=== Problem statement ===
Print, exactly as they appear in the listing below, the lines from the line with "This article was" to the line with "Let's view the", with both end lines kept.

=== Data extracts ===
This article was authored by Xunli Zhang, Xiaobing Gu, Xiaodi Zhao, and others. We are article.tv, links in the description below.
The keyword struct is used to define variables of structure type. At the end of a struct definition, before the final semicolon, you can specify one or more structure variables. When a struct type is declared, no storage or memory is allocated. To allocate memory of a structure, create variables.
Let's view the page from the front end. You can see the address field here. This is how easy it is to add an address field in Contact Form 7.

---

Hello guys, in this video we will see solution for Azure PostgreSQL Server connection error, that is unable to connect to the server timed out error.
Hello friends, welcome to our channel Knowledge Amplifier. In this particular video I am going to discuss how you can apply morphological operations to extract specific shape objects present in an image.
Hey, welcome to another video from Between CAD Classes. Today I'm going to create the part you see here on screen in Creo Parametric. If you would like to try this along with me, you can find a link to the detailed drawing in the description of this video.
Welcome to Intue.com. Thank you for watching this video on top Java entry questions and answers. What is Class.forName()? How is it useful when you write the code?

==

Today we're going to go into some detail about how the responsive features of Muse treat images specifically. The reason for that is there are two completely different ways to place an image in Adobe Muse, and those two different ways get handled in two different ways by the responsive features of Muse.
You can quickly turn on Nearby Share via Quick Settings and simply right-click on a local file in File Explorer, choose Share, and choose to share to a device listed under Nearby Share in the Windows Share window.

=== Response area ===
This article was authored by Xunli Zhang, Xiaobing Gu, Xiaodi Zhao, and others. We are article.tv, links in the description below.
The keyword struct is used to define variables of structure type. At the end of a struct definition, before the final semicolon, you can specify one or more structure variables. When a struct type is declared, no storage or memory is allocated. To allocate memory of a structure, create variables.
Let's view the page from the front end. You can see the address field here. This is how easy it is to add an address field in Contact Form 7.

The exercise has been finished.